►

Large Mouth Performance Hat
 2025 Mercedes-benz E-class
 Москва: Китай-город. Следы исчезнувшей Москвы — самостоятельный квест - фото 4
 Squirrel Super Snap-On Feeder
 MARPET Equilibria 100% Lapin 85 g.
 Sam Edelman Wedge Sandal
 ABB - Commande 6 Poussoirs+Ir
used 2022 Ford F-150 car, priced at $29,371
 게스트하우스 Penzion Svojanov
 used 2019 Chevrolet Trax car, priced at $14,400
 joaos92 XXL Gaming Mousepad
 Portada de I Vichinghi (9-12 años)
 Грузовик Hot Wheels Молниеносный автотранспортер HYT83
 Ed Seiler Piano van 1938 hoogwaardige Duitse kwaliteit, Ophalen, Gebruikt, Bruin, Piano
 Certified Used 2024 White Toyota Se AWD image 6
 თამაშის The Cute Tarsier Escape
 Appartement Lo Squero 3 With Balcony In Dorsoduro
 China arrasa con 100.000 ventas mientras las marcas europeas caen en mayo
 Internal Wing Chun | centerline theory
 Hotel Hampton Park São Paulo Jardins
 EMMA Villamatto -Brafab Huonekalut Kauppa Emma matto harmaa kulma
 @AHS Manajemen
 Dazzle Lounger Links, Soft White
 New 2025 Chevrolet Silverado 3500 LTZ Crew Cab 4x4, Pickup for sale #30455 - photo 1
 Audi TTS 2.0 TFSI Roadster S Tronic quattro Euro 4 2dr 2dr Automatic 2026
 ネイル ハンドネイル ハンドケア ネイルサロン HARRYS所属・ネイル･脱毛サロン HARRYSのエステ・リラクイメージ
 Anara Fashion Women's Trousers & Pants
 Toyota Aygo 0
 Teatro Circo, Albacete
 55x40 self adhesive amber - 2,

◄

### Assignment:
What you give back must be the stretch above, starting at the line with "Portada de I Vichinghi (9-12 años)" and ending at the line with "Audi TTS 2.0", copied exactly.

### Solution below:
 Portada de I Vichinghi (9-12 años)
 Грузовик Hot Wheels Молниеносный автотранспортер HYT83
 Ed Seiler Piano van 1938 hoogwaardige Duitse kwaliteit, Ophalen, Gebruikt, Bruin, Piano
 Certified Used 2024 White Toyota Se AWD image 6
 თამაშის The Cute Tarsier Escape
 Appartement Lo Squero 3 With Balcony In Dorsoduro
 China arrasa con 100.000 ventas mientras las marcas europeas caen en mayo
 Internal Wing Chun | centerline theory
 Hotel Hampton Park São Paulo Jardins
 EMMA Villamatto -Brafab Huonekalut Kauppa Emma matto harmaa kulma
 @AHS Manajemen
 Dazzle Lounger Links, Soft White
 New 2025 Chevrolet Silverado 3500 LTZ Crew Cab 4x4, Pickup for sale #30455 - photo 1
 Audi TTS 2.0 TFSI Roadster S Tronic quattro Euro 4 2dr 2dr Automatic 2026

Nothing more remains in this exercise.